* Exercise goal *
Word for word, give the records again, dropping any picture they hold.

* Dataset entries *
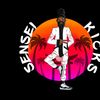 Sensei Kicks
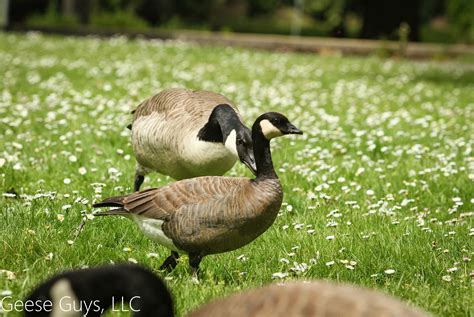 Identifying Canada Geese vs Cackling Geese — Geese Guys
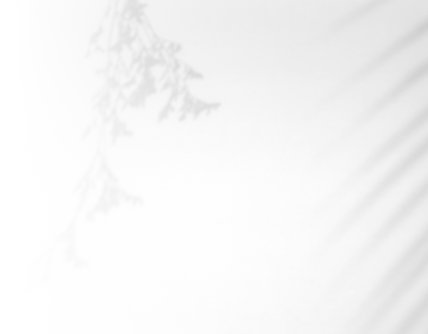 SHIPPING & PAYMENT
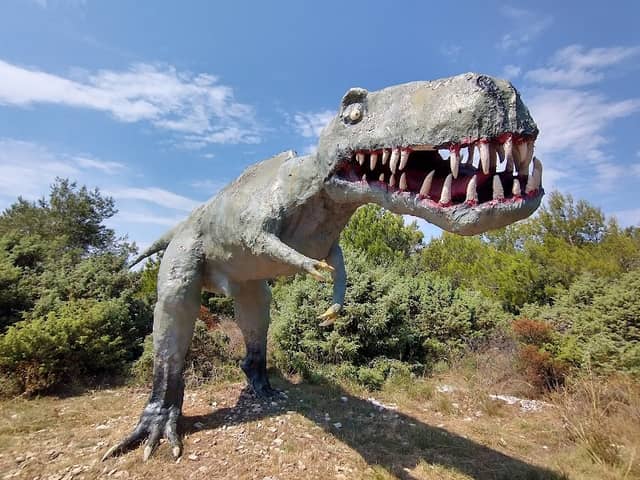 Staza Dinosaura - Image 1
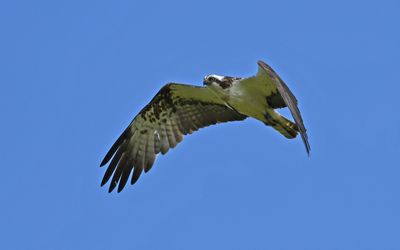 Osprey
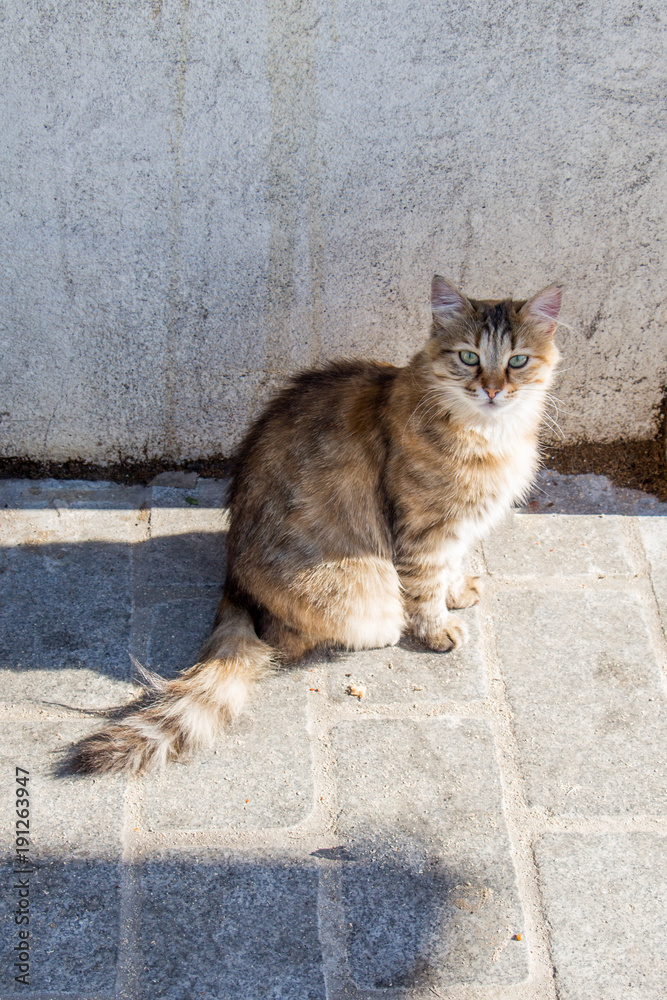 Stray cat is seen  in the street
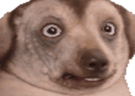 WTF emote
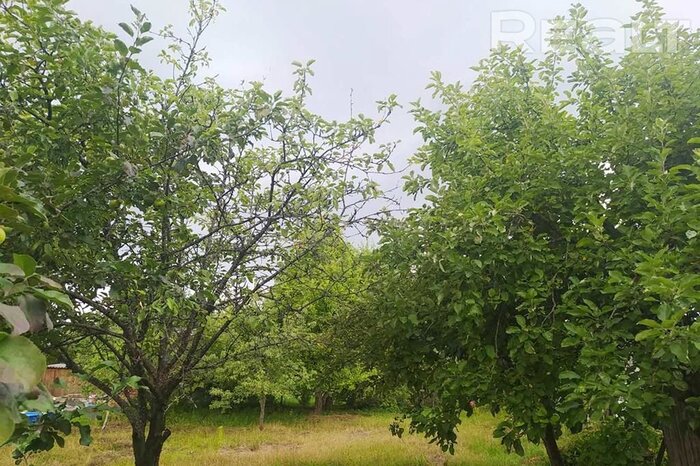 550$ за земельный надел в 30 километрах от МКАД. Подборка дешевых участков в СТ вокруг Минска, которые можно купить без аукциона - REALT.BY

* Result of this task *
 Sensei Kicks
 Identifying Canada Geese vs Cackling Geese — Geese Guys
 SHIPPING & PAYMENT
 Staza Dinosaura - Image 1
 Osprey
 Stray cat is seen  in the street
 WTF emote
 550$ за земельный надел в 30 километрах от МКАД. Подборка дешевых участков в СТ вокруг Минска, которые можно купить без аукциона - REALT.BY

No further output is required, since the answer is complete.